The Court rejected the contention of the respondent that the word “just” as appearing in Section 560(6) must be read ejusdem generis. The presence of the words “or otherwise” between the two circumstances in which the name of the company may be restored indicate that even if the company was not carrying out business or was not in operation at the time of striking off, it was still open to the company court to order restoration if it appears to the court to be “otherwise just.” The Court relied on several decisions of High Courts and the Supreme Court for the interpretation of the word “just,” that it denotes equitability, fairness and reasonableness having a large peripheral field. The Court stated that the particulars of the present case attracted the principle in the case of Sidhant Garg and Anr. vs. Registrar of Companies & Ors. (2012) 171 Comp. Cas. 326

In this case, it was held that the word “just” would mean that it is fair and prudent from a commercial point of view to restore the company and that the court has to examine the concept of “justness” not exclusively from the perspective of a creditor or a member or a debtor but from the perspective of the society as a whole. 

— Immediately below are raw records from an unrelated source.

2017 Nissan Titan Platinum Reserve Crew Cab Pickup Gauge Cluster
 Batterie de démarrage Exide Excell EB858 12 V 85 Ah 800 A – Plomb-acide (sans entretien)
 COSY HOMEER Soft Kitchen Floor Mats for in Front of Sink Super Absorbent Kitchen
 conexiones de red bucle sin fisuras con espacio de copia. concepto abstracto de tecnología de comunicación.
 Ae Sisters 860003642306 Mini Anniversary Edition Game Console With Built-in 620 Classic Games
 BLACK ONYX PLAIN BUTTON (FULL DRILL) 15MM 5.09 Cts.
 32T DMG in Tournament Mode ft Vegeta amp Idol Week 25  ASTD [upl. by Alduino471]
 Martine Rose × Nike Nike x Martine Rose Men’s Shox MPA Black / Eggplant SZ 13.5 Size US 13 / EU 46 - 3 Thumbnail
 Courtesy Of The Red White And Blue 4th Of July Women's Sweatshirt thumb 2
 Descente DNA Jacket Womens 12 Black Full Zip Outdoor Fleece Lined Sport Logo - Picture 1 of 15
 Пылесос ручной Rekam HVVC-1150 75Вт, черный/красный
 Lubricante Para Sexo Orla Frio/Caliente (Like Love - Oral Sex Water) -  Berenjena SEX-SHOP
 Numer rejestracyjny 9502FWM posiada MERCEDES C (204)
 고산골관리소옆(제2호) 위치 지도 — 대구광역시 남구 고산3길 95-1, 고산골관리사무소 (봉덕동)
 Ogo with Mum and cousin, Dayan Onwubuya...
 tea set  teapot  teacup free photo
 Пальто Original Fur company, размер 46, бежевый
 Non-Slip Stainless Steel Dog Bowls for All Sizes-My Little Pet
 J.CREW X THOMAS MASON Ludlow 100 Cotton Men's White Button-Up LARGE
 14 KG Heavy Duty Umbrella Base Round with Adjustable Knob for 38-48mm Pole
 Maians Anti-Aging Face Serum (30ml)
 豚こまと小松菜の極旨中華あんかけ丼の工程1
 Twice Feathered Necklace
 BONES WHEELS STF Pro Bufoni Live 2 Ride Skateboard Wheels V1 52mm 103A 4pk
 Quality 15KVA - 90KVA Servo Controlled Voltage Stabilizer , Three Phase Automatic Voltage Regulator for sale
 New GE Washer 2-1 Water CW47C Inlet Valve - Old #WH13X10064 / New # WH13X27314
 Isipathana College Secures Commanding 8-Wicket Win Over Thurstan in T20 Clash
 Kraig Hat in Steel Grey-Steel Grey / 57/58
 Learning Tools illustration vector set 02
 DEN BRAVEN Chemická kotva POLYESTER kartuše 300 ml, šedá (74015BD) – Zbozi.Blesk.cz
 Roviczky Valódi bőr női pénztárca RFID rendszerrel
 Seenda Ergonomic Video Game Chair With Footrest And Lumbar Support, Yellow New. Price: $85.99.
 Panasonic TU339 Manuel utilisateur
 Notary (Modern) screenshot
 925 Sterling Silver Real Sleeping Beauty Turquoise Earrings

The company in this petition is the defendant in a suit pending in the trial court.  If the name of the company is not restored, it would cause injustice to the petitioner and also cause prejudice to the trial as a whole. If the name of the company is not restored to the register, the message sent to the society as a whole would be quite disturbing. The petitioner has to be protected in the litigation pending before the trial court.

ANALYSIS of Section 560(6)

The Court was correct in allowing the petition and directing the ROC to restore the name of the company. The Court has prevented grave injustice to the petitioner. Respondent No.3 had fraudulently extracted monies from the petitioner for purchasing the property and had allotted shares, of which the petitioner had no knowledge of. He further colluded with Mr. Quli for transferring those shares without the knowledge or consent of the petitioner. It would have been impossible for the petitioner to recover his losses if the name of the company is not restored. The Court established the status of the petitioner as a “creditor” of the company on the basis of recovery of losses. The Court has upheld the interests of the society in broadly interpreting the word “just” appearing in Section 560(6) of the Act.

CONCLUSION

A company cannot avoid being held accountable on account of being struck off from the register. The company court is at liberty to decide, on the basis of facts of the case, whether the name of the company should be restored to the register under Section 560(6) of the Act. Additionally, a person who institutes a suit for recovery of losses/damages from a company has been treated as a “creditor” of the company by courts and hence, has locus standi to seek relief under Section 560(6).